Q: What if a lead doesn't fit the standard pipeline? A: Create a separate pipeline or stage for exceptions. For example, some applicants might be on a waiting list for a future property. They need to be tracked differently from active applicants. The key is that they're still tracked — not lost in someone's email.

Q: How often should we review the pipeline? A: Weekly as a team minimum. Daily if you're a small agency with fewer than twenty active leads. The point is to catch stalled leads before they go completely cold — two weeks is usually the threshold.

Q: Should we set a time limit for how long a lead can stay at one stage? A: Absolutely. Define it by stage. For example: enquiries should move to viewing within two days, or be marked "no response." Viewings should move to offer or "declined" within one week. This creates accountability and prevents zombie leads from cluttering your pipeline.

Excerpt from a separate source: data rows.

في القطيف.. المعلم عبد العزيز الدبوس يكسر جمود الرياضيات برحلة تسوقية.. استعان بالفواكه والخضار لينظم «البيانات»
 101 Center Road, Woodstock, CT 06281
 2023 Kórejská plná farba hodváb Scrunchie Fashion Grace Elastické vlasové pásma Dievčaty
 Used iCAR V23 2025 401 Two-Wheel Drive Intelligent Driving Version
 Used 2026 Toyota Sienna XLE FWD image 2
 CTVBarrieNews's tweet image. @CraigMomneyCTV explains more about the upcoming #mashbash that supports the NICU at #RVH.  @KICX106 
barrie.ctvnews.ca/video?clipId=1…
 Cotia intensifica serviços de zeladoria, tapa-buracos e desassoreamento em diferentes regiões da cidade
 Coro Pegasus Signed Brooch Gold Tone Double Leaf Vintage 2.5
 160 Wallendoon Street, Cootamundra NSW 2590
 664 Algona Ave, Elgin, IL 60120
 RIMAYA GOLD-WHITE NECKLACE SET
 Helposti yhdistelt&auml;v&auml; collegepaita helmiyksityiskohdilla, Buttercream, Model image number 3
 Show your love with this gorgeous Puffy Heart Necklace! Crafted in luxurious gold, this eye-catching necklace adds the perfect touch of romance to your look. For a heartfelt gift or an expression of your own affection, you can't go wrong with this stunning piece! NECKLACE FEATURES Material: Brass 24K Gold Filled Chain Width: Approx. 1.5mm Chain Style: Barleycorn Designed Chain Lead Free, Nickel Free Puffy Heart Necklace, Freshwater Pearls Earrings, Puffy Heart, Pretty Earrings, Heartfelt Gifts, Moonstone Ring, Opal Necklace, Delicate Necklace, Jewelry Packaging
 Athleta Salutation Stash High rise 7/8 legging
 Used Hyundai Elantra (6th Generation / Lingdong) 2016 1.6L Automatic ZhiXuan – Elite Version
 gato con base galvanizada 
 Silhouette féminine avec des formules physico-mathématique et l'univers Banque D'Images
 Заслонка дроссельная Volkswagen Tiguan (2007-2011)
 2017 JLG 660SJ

Q: Can we use a generic CRM, or do we need something built for property? A: A generic CRM will work, but you'll spend time configuring it. One built for property portfolio management comes with the stages, fields, and workflows already set up — saving you weeks of setup. If you're starting from scratch, that's worth considering.

Q: What should we do with leads that are very old but occasionally active? A: Archive them. If they've been inactive for more than ninety days, move them to a separate "dormant" pipeline. If they contact you again, re-activate them. This keeps your active pipeline clean and focused.

Q: How do we handle leads that come to us through different channels — portals, phone, walk-ins, referrals? A: They all go into the same pipeline. The source is useful metadata (it tells you which channels work best), but the pipeline process is identical. An applicant is an applicant, regardless of how they found you.

Q: How does pipeline management connect with document management? A: Every stage of your pipeline generates documents — viewing reports, offer paperwork, reference requests, tenancy agreements. Your CRM should link to your documents so you can access them without leaving the lead record. This is crucial for compliance tracking and tenancy renewals.

Getting started

If your agency doesn't currently have a structured pipeline, start simple. Define four or five stages. Assign every active lead to a stage. Review the pipeline weekly as a team.

As you become more comfortable, layer in automation — follow-up reminders, auto-acknowledgements, status-triggered tasks. Add reporting so you can measure conversion rates and identify bottlenecks.

Pipeline management is one of those improvements that compounds over time. In the first week, it simply gives you a clearer view of your current leads. In the first month, it starts improving follow-up speed and consistency. Over six months, it fundamentally changes your conversion rates.

The agencies that manage their pipelines well don't necessarily generate more leads than their competitors. They simply convert more of the leads they already have — and that difference, compounded over time, is enormous.